Source data

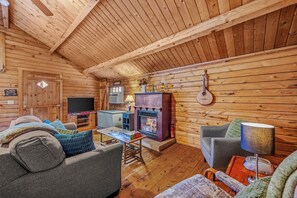 Interior acogedor de una cabaña con chimenea, paredes de madera, un sofá y una mesa con juegos de mesa.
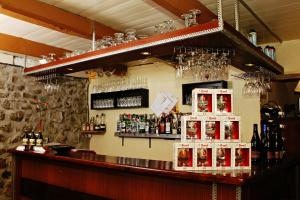 a bar with bottles of alcohol on the wall at Auberge Le Romarin in Valgorge
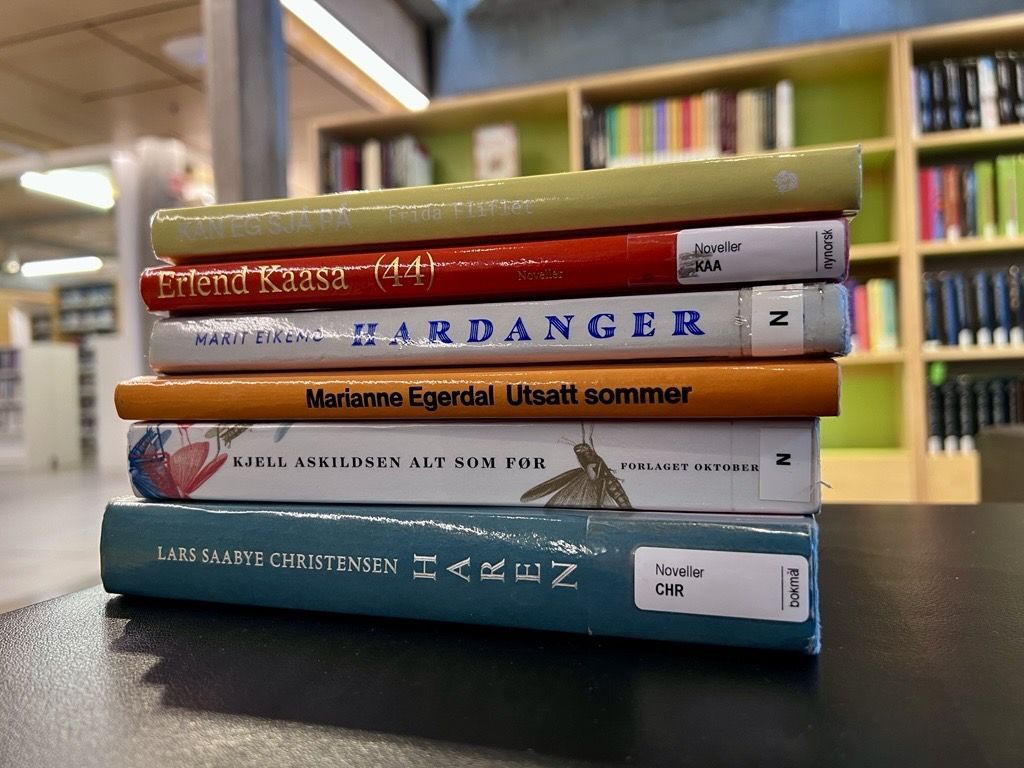 Foto av en stabel med novellesamlinger i biblioteket på Sølvberget.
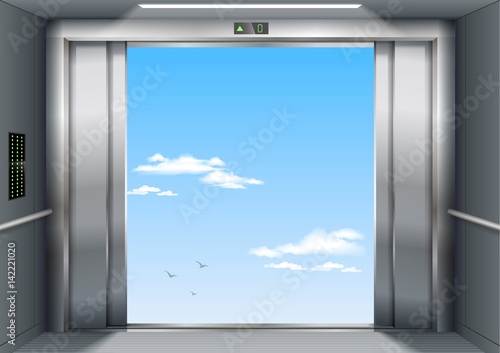 Open to sky door of the freight elevator hospital or office building. Metal armored sliding door.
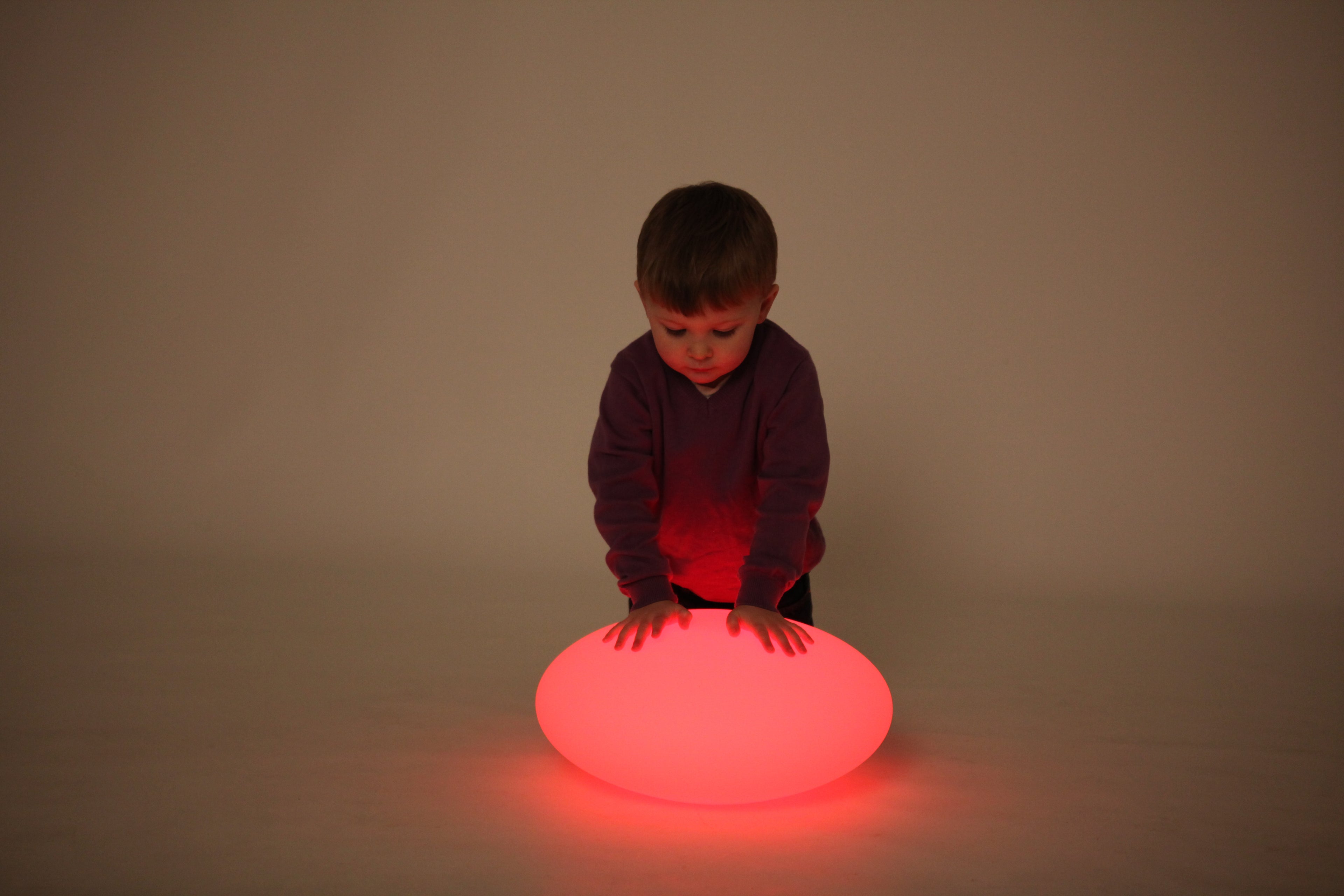 Red glowing oval pebble light on the floor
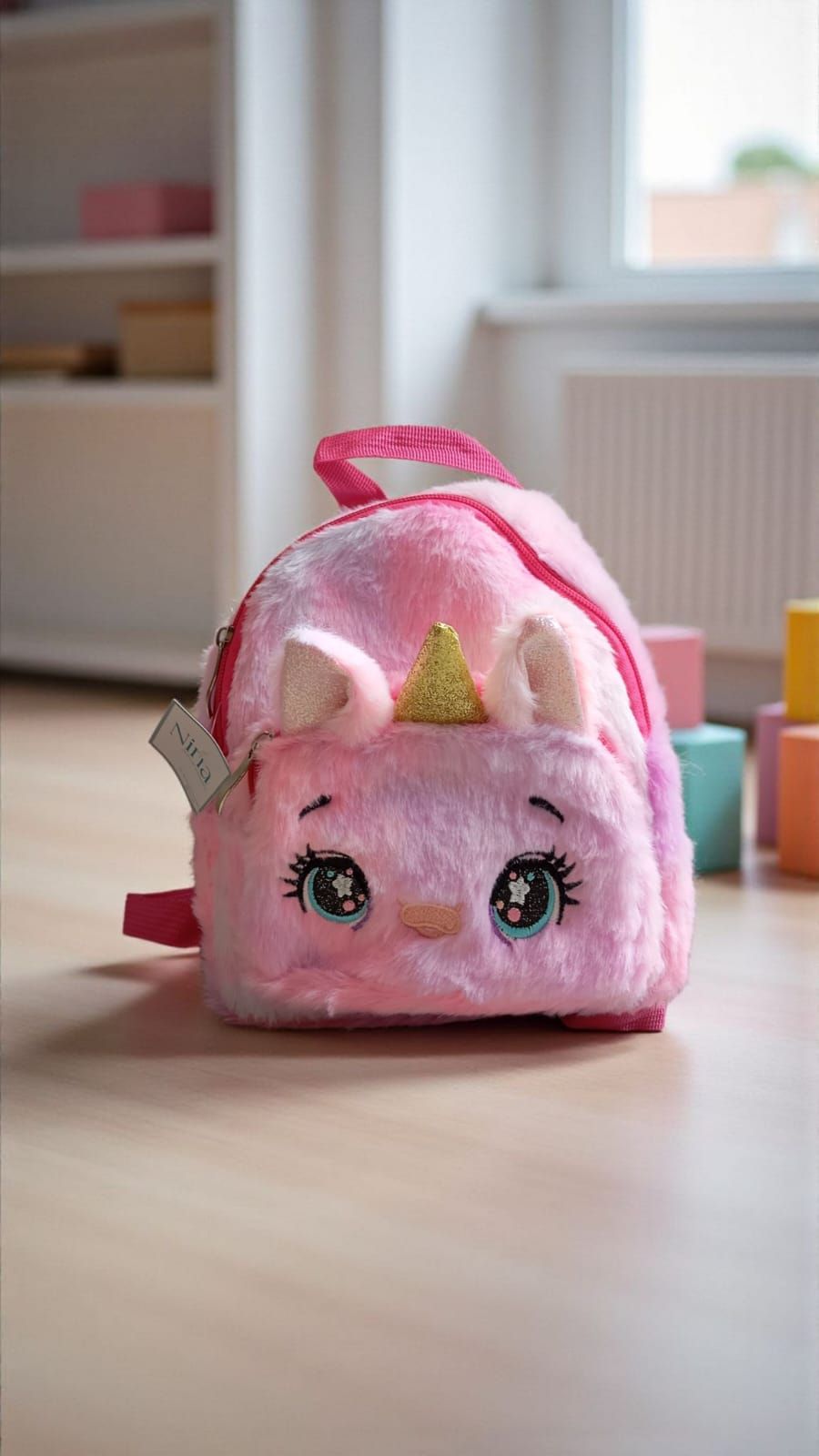 Mochila rosa de unicornio sobre un suelo de madera, con bloques de colores al fondo.
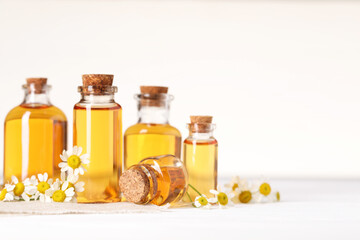 Wall Mural - Bottles of essential oil and chamomile flowers on white wooden table, closeup. Space for text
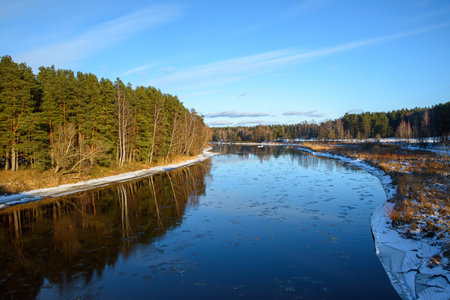 A partially frozen river winding through a winter landscape, surrounded by trees and snow-covered...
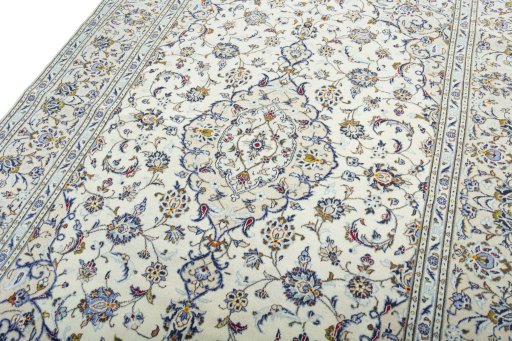 Backside of handmade 2000s Kashan rug showing knot structure and weave density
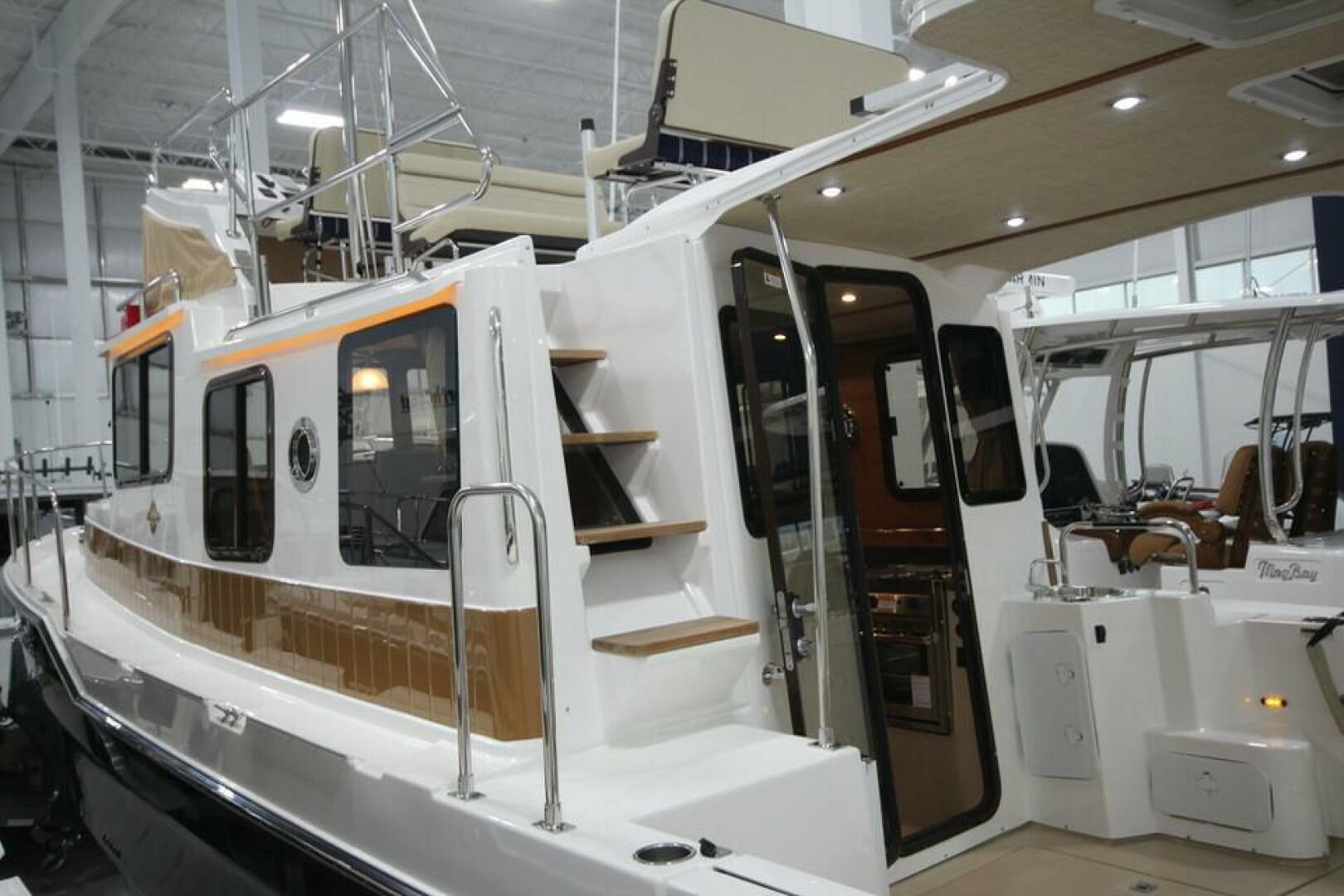 Slide: The Image of Ranger Tug R-31 Command Bridge Luxury Edition 2025 - 5157219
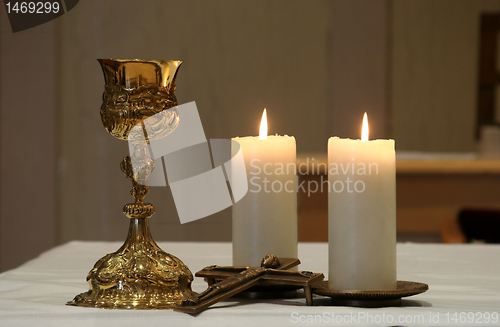 Image of Golden chalice and two burning candles
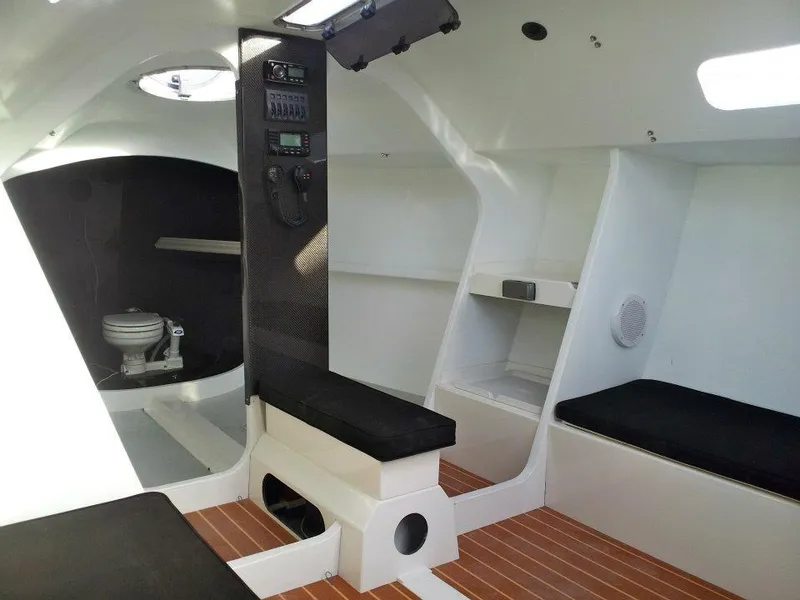 Slide: The Image of Interior of 2012 Columbia Yacht 32, featuring modern design and wooden flooring. - 13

What is being asked
Print the listing exactly, minus any pictures.

Answer box
 Interior acogedor de una cabaña con chimenea, paredes de madera, un sofá y una mesa con juegos de mesa.
 a bar with bottles of alcohol on the wall at Auberge Le Romarin in Valgorge
 Foto av en stabel med novellesamlinger i biblioteket på Sølvberget.
 Open to sky door of the freight elevator hospital or office building. Metal armored sliding door.
 Red glowing oval pebble light on the floor
 Mochila rosa de unicornio sobre un suelo de madera, con bloques de colores al fondo.
 Wall Mural - Bottles of essential oil and chamomile flowers on white wooden table, closeup. Space for text
 A partially frozen river winding through a winter landscape, surrounded by trees and snow-covered...
 Backside of handmade 2000s Kashan rug showing knot structure and weave density
 Slide: The Image of Ranger Tug R-31 Command Bridge Luxury Edition 2025 - 5157219
 Image of Golden chalice and two burning candles
 Slide: The Image of Interior of 2012 Columbia Yacht 32, featuring modern design and wooden flooring. - 13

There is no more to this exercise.